Ce décret, (R. 554-1 du Code de l'environnement) prévoit désormais la possibilité d'aménager la dimension de la zone d'implantation des réseaux enregistrée dans le guichet unique pour des motifs liés à la sûreté des réseaux, à leur extension ou à la rapidité de leur développement en milieux urbains. Certaines précisions sont par ailleurs apportées sur la nature des réseaux entrant dans le champ d'application de la réforme. Elles concernent notamment les tuyauteries connexes d’installation classées pour la protection de l’environnement ainsi que le déplacement des réseaux électriques, d’éclairage public et de signalisation en basse tension dans la catégorie des réseaux non sensibles pour la sécurité.

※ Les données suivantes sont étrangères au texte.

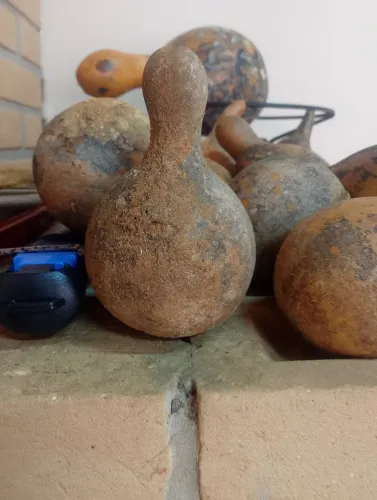Porongo Pequeno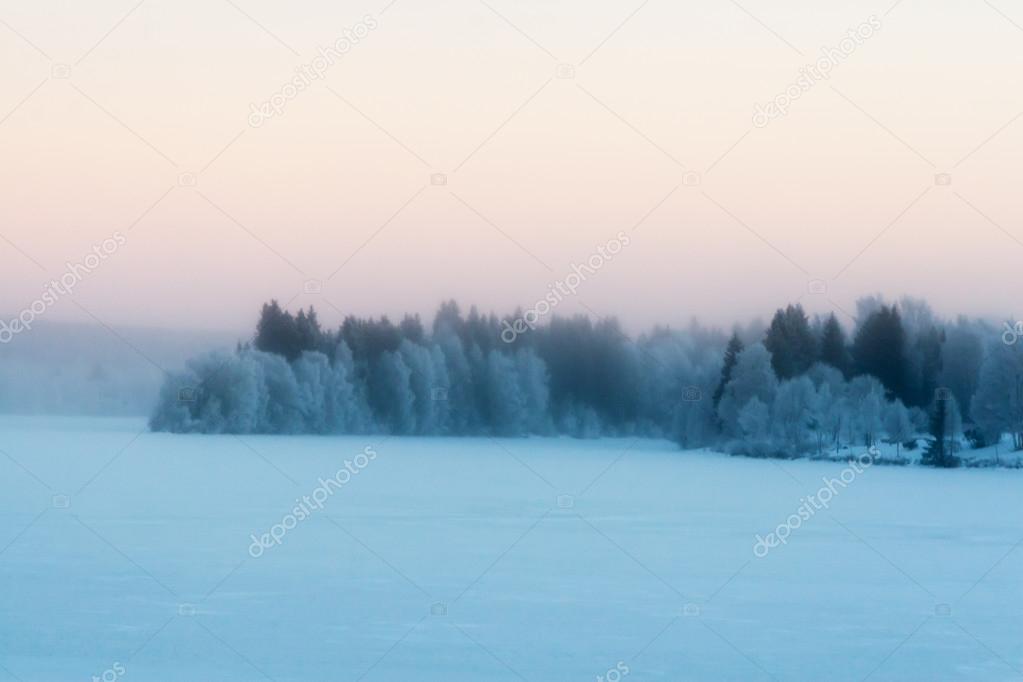 Beautiful vibrant scandinavian foggy winter scene.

Ce texte permet également d'exempter les exploitants de réseaux dont la somme du kilométrage d’ouvrages (sensibles et non sensibles) est inférieure à un certain seuil, du versement de la redevance de financement du guichet unique des réseaux.

Enfin, la mise en œuvre des mesures préparatoires à l'engagement d'un chantier de travaux est simplifiée lorsque la cartographie des réseaux en service est de précision insuffisante. Cette modification détermine les mesures particulières applicables lorsque les investigations complémentaires prévues au stade de projet ne permettent pas d’atteindre le niveau de précision requis pour la cartographie de l’ensemble des tronçons des réseaux existant situés dans l’emprise des travaux prévus.

Un premier bilan officiel de cette phase expérimentale est-il prévu dans les prochains mois ?
 
Le bilan prévu en avril 2013, dans le cadre de la fin de l’expérimentation sur Perpignan et Orléans, permettra de synthétiser les retours d’expérience, d’identifier les différentes problématiques liés à la mise en place de cette réforme réglementaire et d’apporter, le cas échéant, d’éventuels ajustements au plan «anti-endommagement des réseaux » et aux processus opérationnels associés.